* Work request *
Find the line containing "2 bed, 850 sqft, $1,400 — Photo 2" in the entries; transcribe it and all remaining lines through the end, exactly as they appear, but not the pictures.

Records from a data collection:
BEGIN

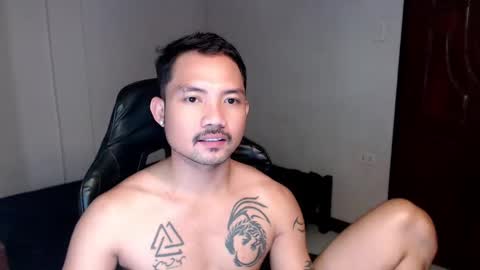 Snapshot of thefriskyasian chatting on January 7, 9:57 pm Jaycee online show from January 7, 9:57 pm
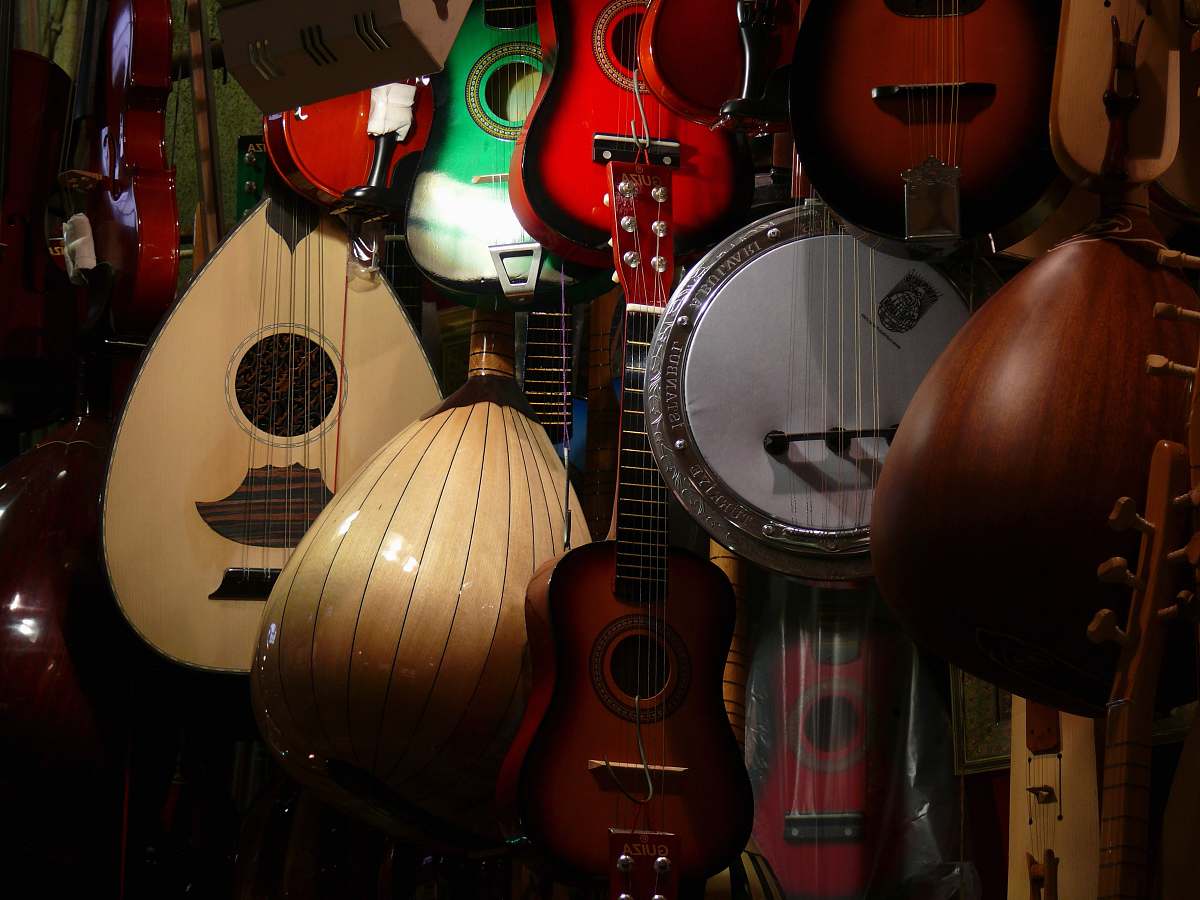 guitar assorted guitar type musical instruments leisure activities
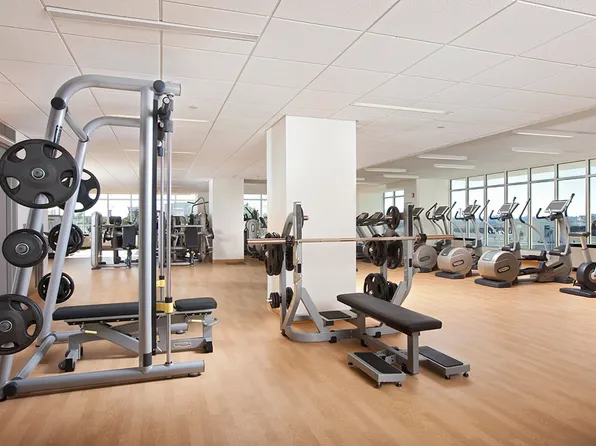 40-28 College Point Boulevard image 4 of 25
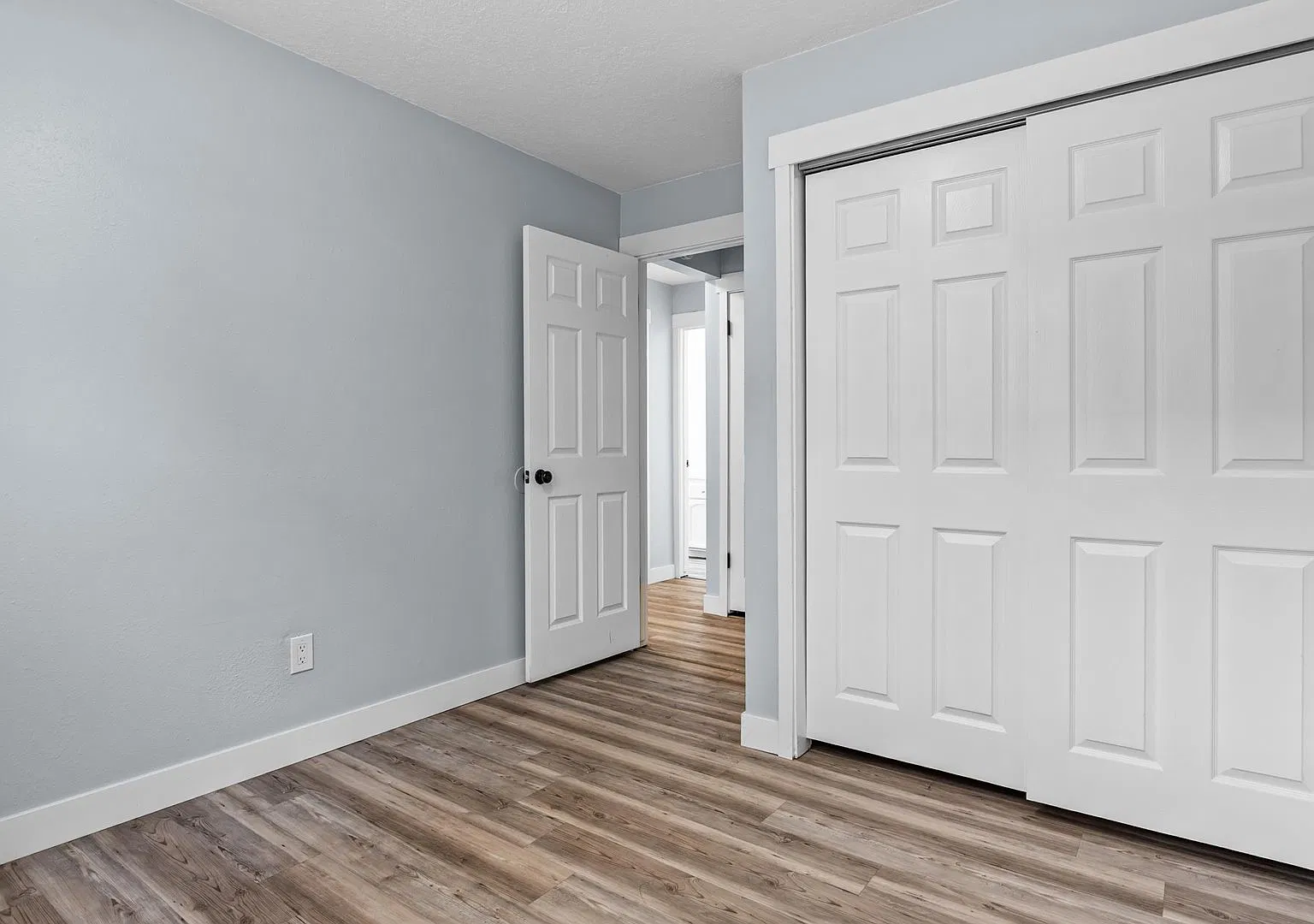 2 bed, 850 sqft, $1,400 — Photo 2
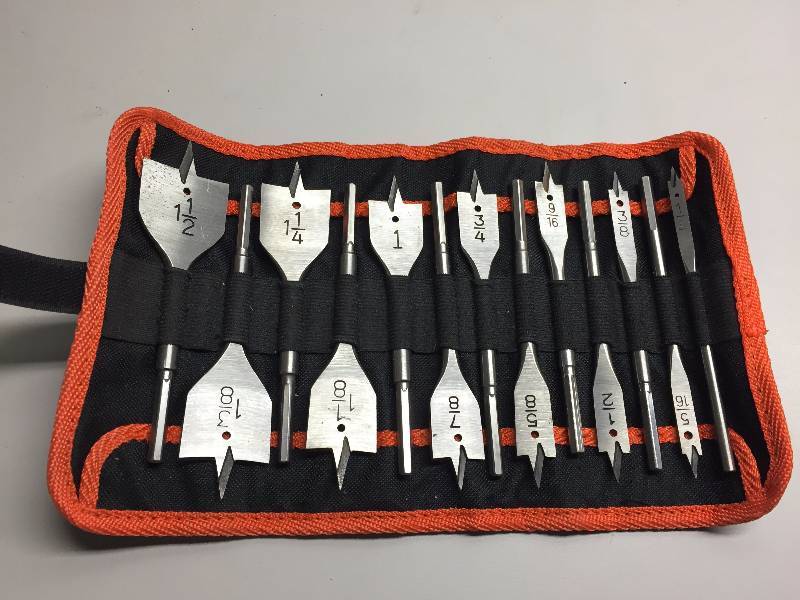WOOD DRILL BITS, WOOD CARVING TOOLS, TOOL BOX WITH ASSORTED TOOLS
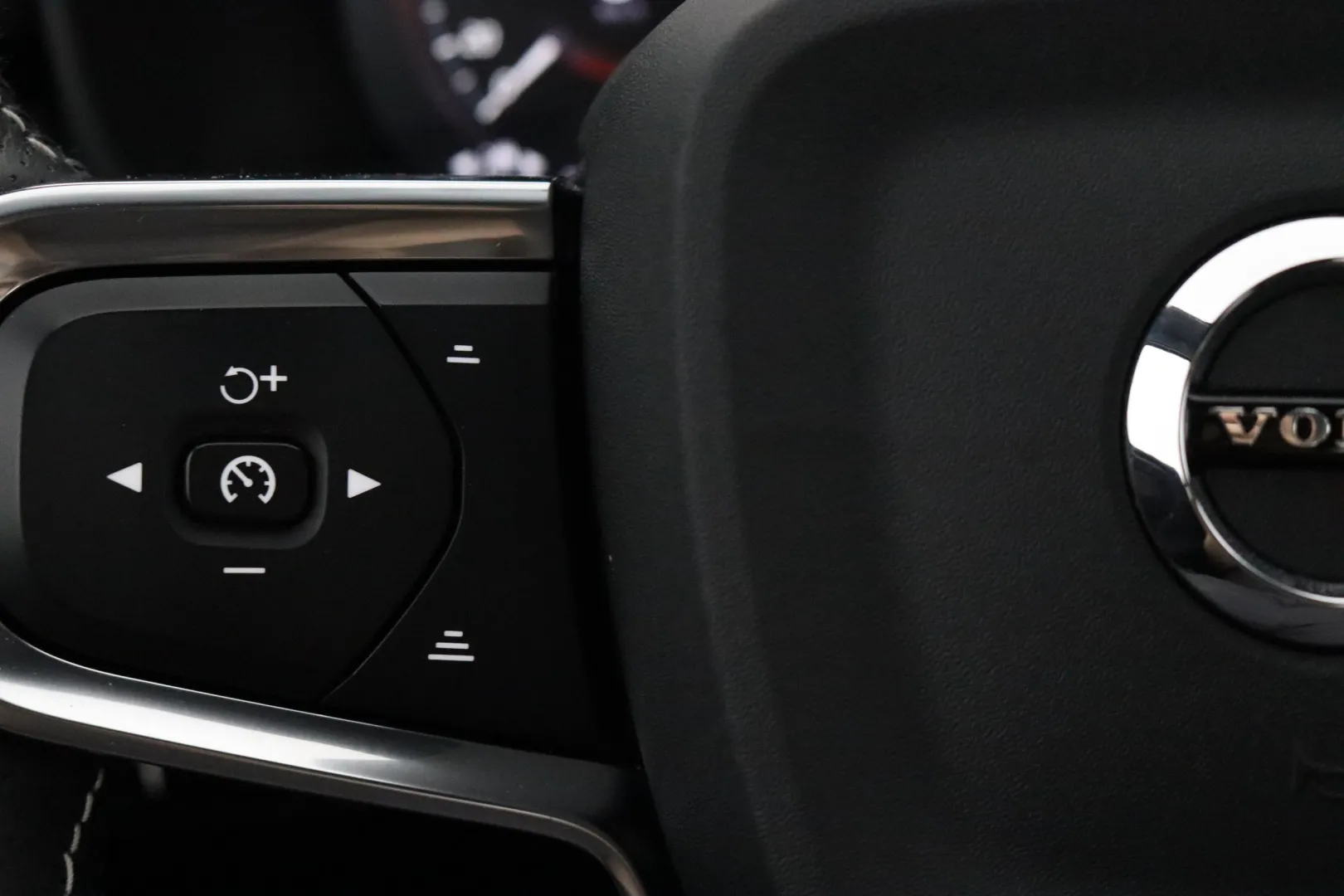 Volvo XC40 GZY-124 carousel image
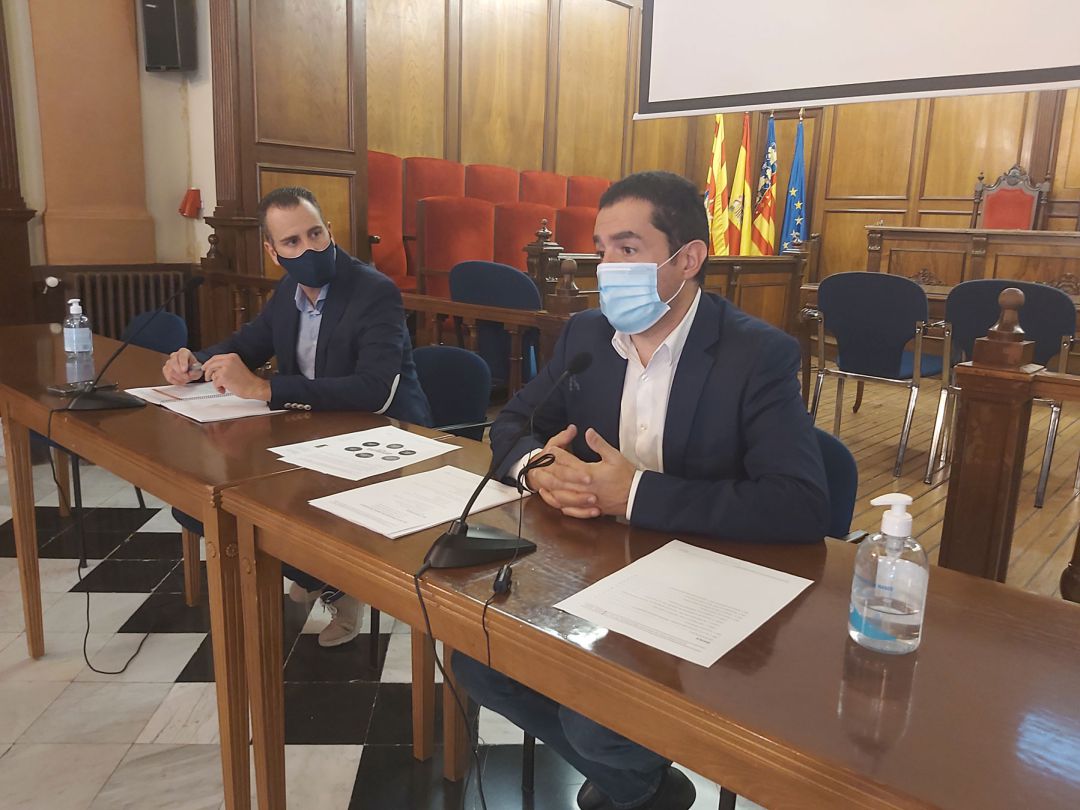 Alberto Belda y Antonio Francés, presentando el documento Alberto Belda y Antonio Francés, presentando el documento
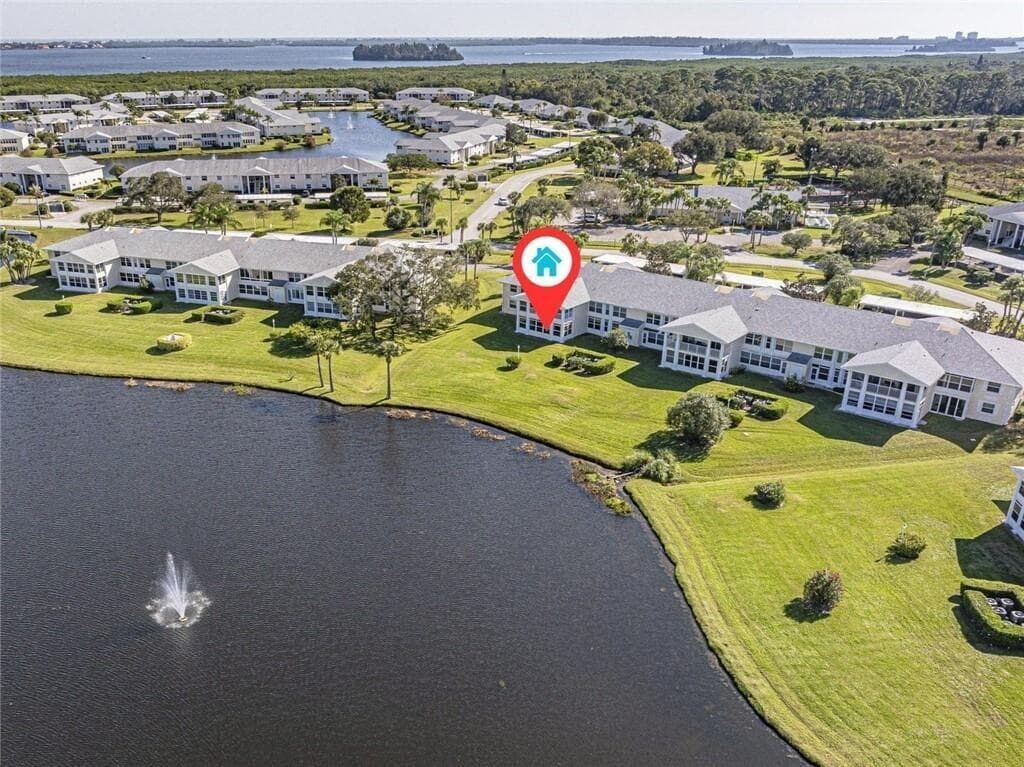 464 Grove Isle Circle 464, Vero Beach, FL 32962 — photo 2 of 37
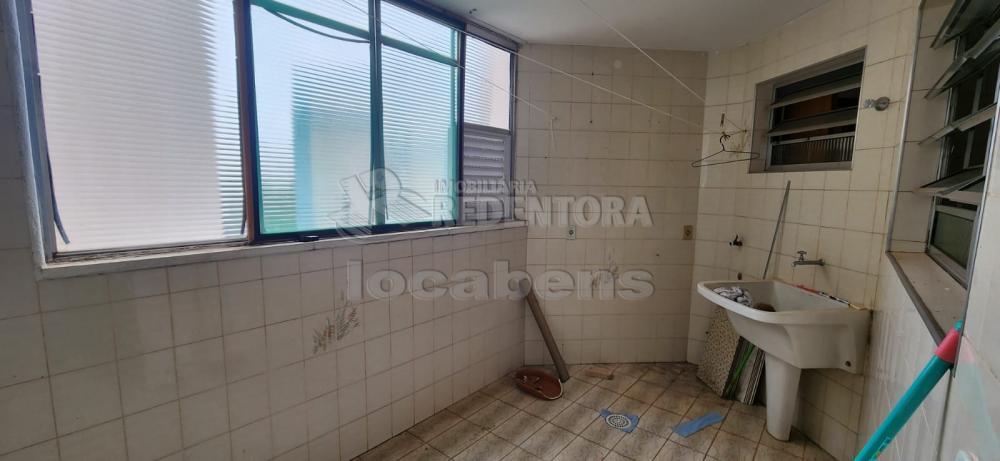 Alugar Apartamento / Padr&atilde;o em S&atilde;o Jos&eacute; do Rio Preto R$ 1.200,00 - Foto 5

END

* Result of this exercise *
 2 bed, 850 sqft, $1,400 — Photo 2
WOOD DRILL BITS, WOOD CARVING TOOLS, TOOL BOX WITH ASSORTED TOOLS
 Volvo XC40 GZY-124 carousel image
 Alberto Belda y Antonio Francés, presentando el documento Alberto Belda y Antonio Francés, presentando el documento
 464 Grove Isle Circle 464, Vero Beach, FL 32962 — photo 2 of 37
 Alugar Apartamento / Padr&atilde;o em S&atilde;o Jos&eacute; do Rio Preto R$ 1.200,00 - Foto 5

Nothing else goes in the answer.